**Work request:** Print the listing exactly as it stands, and skip any pictures in it.

**Information provided:**
--------------------------------------------------

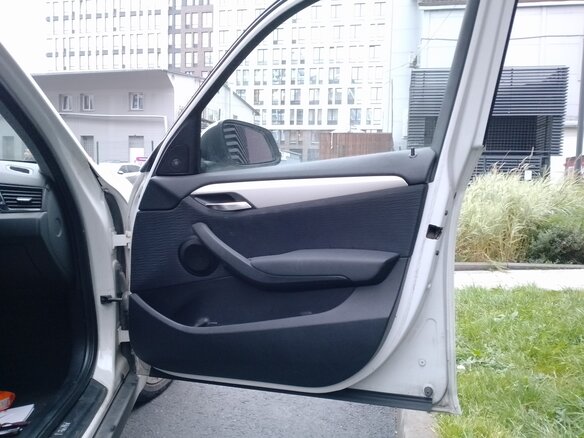 2013 BMW X1 20i I (E84) Рестайлинг, белый, 1100000 рублей - вид 5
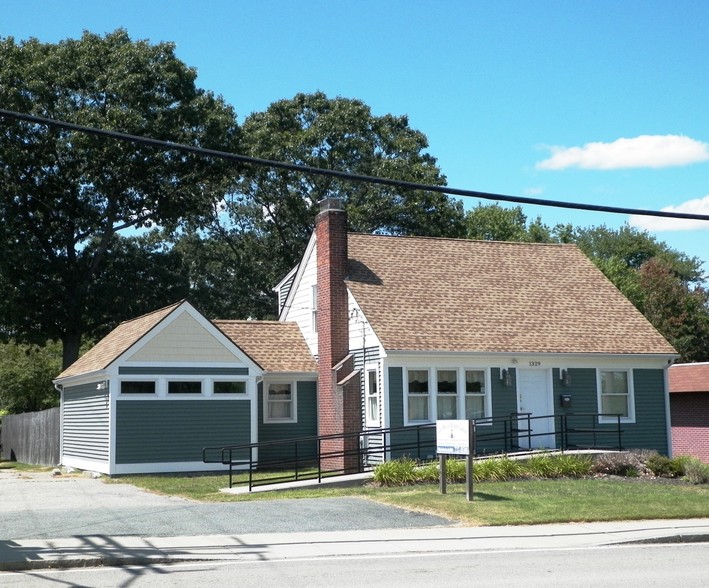 1329 Jefferson Blvd, Warwick, RI for sale - Building Photo - Image 1 of 1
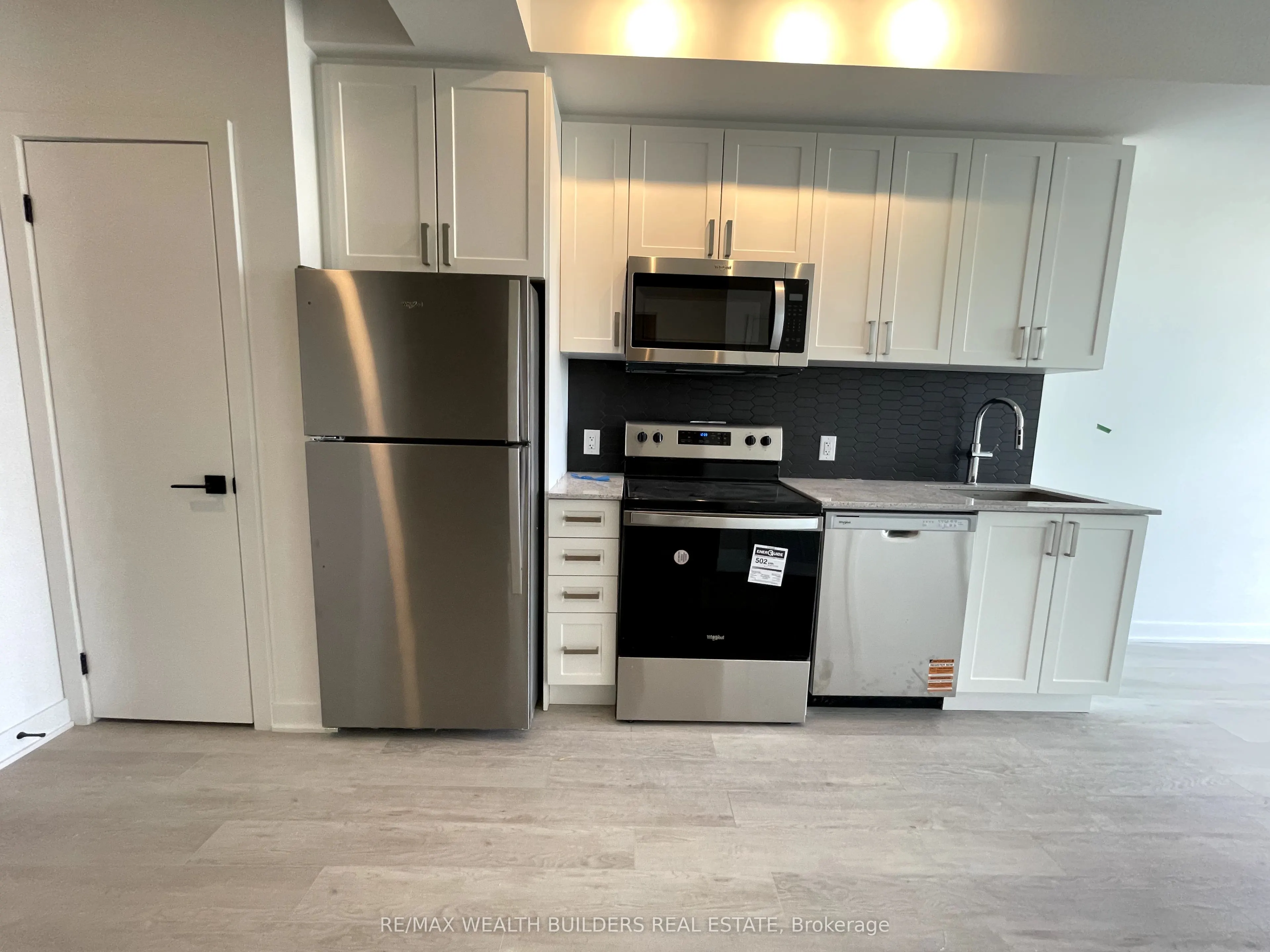 2782 Barton Street E, #1513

--------------------------------------------------

**Answer below:**
 2013 BMW X1 20i I (E84) Рестайлинг, белый, 1100000 рублей - вид 5
 1329 Jefferson Blvd, Warwick, RI for sale - Building Photo - Image 1 of 1
 2782 Barton Street E, #1513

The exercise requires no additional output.